Source: Carnegie
Washington Post, 3 March 2000
Not since the August 1991 coup attempt has the future of
Russian democracy
been more uncertain than it is today. Ironically, at a time when Russian
society has embraced individual liberties, a free press and competitive
elections, the new leader of the Russian state, Acting President Vladimir
Putin, has demonstrated real ambivalence toward democracy.
American inattention to the cause of Russian democracy also
has never been
greater. Focused on short-term "deliverables" such as ratifying the
Start II
treaty or amending the ABM Treaty, the Clinton administration has praised
Putin as a liberal democrat and at the same time cut U.S. democratic
assistance programs to Russia. This trade--cooperation on arms control in
return for a free hand to pursue anti-democratic policies at home--is a bad
one for both the Russian and American people.
For years we assumed that the real threats to Russian democracy
would come
from outside the state. In 1993, it looked to be neo-nationalist Vladimir
Zhirinovsky; in 1996 it seemed to be Communist leader Gennady Zyuganov. Now
the real threat comes from within the state. It is fashionable in the West to
cite Russia's weak state as the source of the country's ills. In the
political realm, however, the Russian state is still too strong, able to
dominate and manipulate a beleaguered and weak Russian society.
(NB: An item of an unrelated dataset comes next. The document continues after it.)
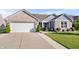 Inviting home featuring a two-car garage, well-maintained lawn and a cozy front entryway at 216 Haywood Rd, Greenwood, IN 46142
In the last years of Boris Yeltsin, we did not witness the
state's awesome
power because the man at the controls was often absent or incapacitated.
Since Putin's rise to power, however, we have seen what
this state can do
when a leader with ambition and a pulse is at the helm.
In the realm of electoral politics, the Russian state looked
more robust than
ever during the December 1999 parliamentary campaign, wielding its power in
ways that exacted considerable damage to democratic institutions. Putin and
his allies created a party, Unity, out of thin air in October, which then won
nearly a quarter of the vote in December. State television incessantly
promoted the new party and destroyed its opponents with a barrage of negative
advertising never before seen in Russian politics.
More gruesome has been Putin's deployment of state resources
in Chechnya.
Russia has a right to defend its borders. Yet, the atrocious violations of
human rights in the cause of defending Russia's borders reveals the low
priority Putin assigns to democratic principles.
Independent journalists and academics also have felt the
power of the Russian
state under Putin. Reporters such as Andrei Babitsky from Radio Free Europe
have suffered the consequences of reporting news from Chechnya that
inconveniences the Kremlin. Equally disturbing is the case of Igor Sutyagin,
a researcher on security issues who sits in jail because he shared open
source documents with an American colleague.
And more anti-democratic measures may be in the works after
the March
presidential election. Putin advisers speak openly about eliminating
proportional representation from the Duma electoral law, a revision that
would practically eliminate all pro-democratic political parties in Russia.
Putin and his aides also have expressed support for the highly
anti-democratic idea of appointing rather than electing governors. Putin has
even hinted that he would like to extend the term of the Russian president to
seven years, instead of four.
Individually, none of these innovations would spell the
end of democracy. In
combination, however, they could recreate a system dominated by a single
"party of power," i.e., the Kremlin.
Despite all of these ominous signs, it would be wrong to
conclude that Putin
is an "anti-democrat." The Russian president is simply too modern
and too
Western-oriented to believe in dictatorship. Rather, Putin is indifferent to
democratic principles and practices, believing perhaps that Russia might have
to sacrifice democracy in the short run to achieve "more important"
economic
and state building goals.
Because Putin wants cooperation with the West, the Clinton
administration now
has an opportunity to help the cause of Russian democracy. Rather than shower
Putin with faint praise about his businesslike demeanor as a way to secure
the Russian president's support for arms control treaties, Clinton and his
foreign policy team need to stress that the preservation of democracy in
Russia is a precondition for cooperation. In parallel to a more constructive
engagement of Putin regarding issues of human rights, the United States also
needs to give greater support to Russian societal forces still fighting to
preserve Russian democracy.
This means empowering human rights activists through high-level meetings with
U.S. officials. It also means increasing, not decreasing as currently
planned, assistance programs designed to strengthen the independent media,
trade unions, political parties, civil society and the rule of law.
Arms control did not end the Cold War. Rather, it was the
collapse of
communism and the emergence of democracy within the Soviet Union and then
Russia that suspended the international rivalry between the United States and
the Soviet Union. If a new nationalist dictatorship eventually consolidates
in Russia, we will go back to spending trillions on defense to deter a rogue
state with thousands of nuclear weapons.
In Russia, democracy is not yet lost. Clinton still has
the opportunity to
help promote its consolidation. If, however, Russian democracy fails, no one
will remember who ratified the Start II treaty.